The human paradox is that we crave change and growth and resist it just as savagely. Cognitive Dissonance: an uncomfortable feeling caused by holding conflicting ideas simultaneously.

I am no psychologist.  I am an introvert, though, and I have a theory that we introverts have more of a struggle with change than do the trail blazers.

It takes me longer to embrace new ideas, methods of operation, and technology. Once on board I am an enthusiastic, even obnoxious, convert.

Why do we resist? Fear of assimilation? Nostalgia?

Beyond “a certain age” every generation longs for the good old days, and this is despite the fact that their good old days were someone else’s scandalous deviation from what was accepted as proper. “If God had wanted us to travel at 30 miles per hour we would have been born with wheels”.

Is resistance futile?

Perhaps not in some respects. Antiques and memorabilia and each generation’s longing for throw backs to simpler times will continue to appeal to many.

In an MP3 generation vinyl is making a comeback. “Retro” is cool in fashion. But whether you call it progress or degeneration humanity shall continue to hurtle itself forward because the human mind must envision and create to remain alive.

Stagnation kills a lot of things.

Facebook was the domain of only the young only a few years ago.
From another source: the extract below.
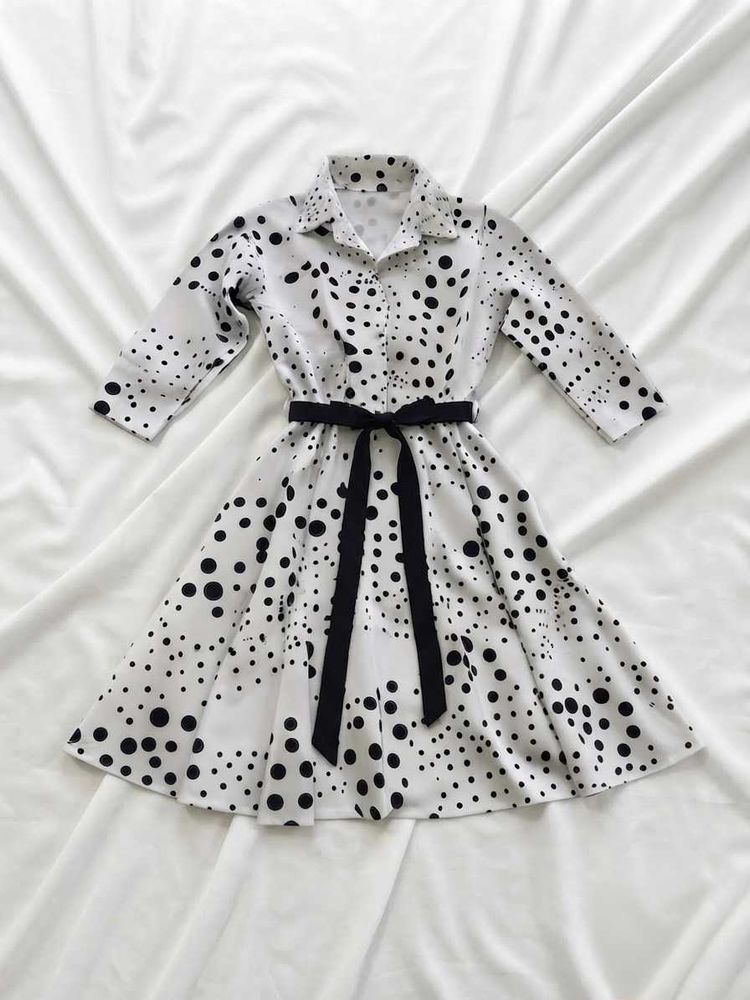 Chic Polka Dot Button-Down Midi Dress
I was at a social media event recently where it was stated that 67% of all Facebook users now are grandparents, many of them doing cyber business there seven days a week.

The young will probably do everything first, but I know that an increasing number of people in my own age group do follow trends almost fanatically and are in the line ups for the newest piece of technology.

I will vehemently defend your right to be a Luddite.

I shall also attempt to master the new technologies and realities that will drive business and yes, the arts, into the future.

I am spotting another paradox.

In times past, the most highly educated were the enlightened ones who wanted to forge ahead. Ironically, it seems to be most educated people I know, the ones who insist on creative license and freedom to improvise, who are spearheading the passive resistance. Interesting.